A think tank chaired by Russian President Dmitry Medvedev has come up with an interesting idea for getting the largely ineffective Collective Security Treaty Organization off the ground: Kick out Uzbekistan.
The Institute of Contemporary Development, known by its Russian acronym, INSOR, is presenting a report on the CSTO at the Global Policy Forum in the Russian city of Yaroslavl this week that will include proposals to reform decision-making within the bloc from the current consensual format to a simple majority vote.
"In light of the withdrawal of international troops from Afghanistan in 2014, we need to decide what is more important: [Uzbek President Islam] Karimov's opinions or the security of Russia and its allies," he said. "It is evident that nobody needs the CSTO as just a talking shop."
Karimov's strongest objections to the internal organization of the CSTO have been over the implementation of a rapid reaction force. Uzbekistan remains deeply wary of Moscow's ultimate intentions and appears to suspect the Kremlin of attempting to gradually take over Central Asia's security.
The report also proposes overhauling relations between the CSTO and NATO. While the Russian-led bloc was initially intended as a counterweight to NATO, it is increasingly evident that the two groups share joint challenges dealing with security in and around Afghanistan.
"Russia and NATO need each other, especially in light of the situation in Afghanistan.

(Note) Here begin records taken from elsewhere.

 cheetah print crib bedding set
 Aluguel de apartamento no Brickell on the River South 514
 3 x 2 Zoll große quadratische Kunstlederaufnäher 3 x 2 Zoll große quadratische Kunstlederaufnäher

It is primarily a question of political will today, a question at the level of the presidents of Russia and the United States," Yurgens told Kommersant.
Another challenge ahead is transforming the CSTO into a peacekeeping force in Central Asia and neighboring regions, according to INSOR.
The report says the CSTO "should monitor and sound an early warning for conflicts that threaten the security of member states." That is a change, since the CSTO signally refused to get involved during last summer's ethnic violence in southern Kyrgyzstan.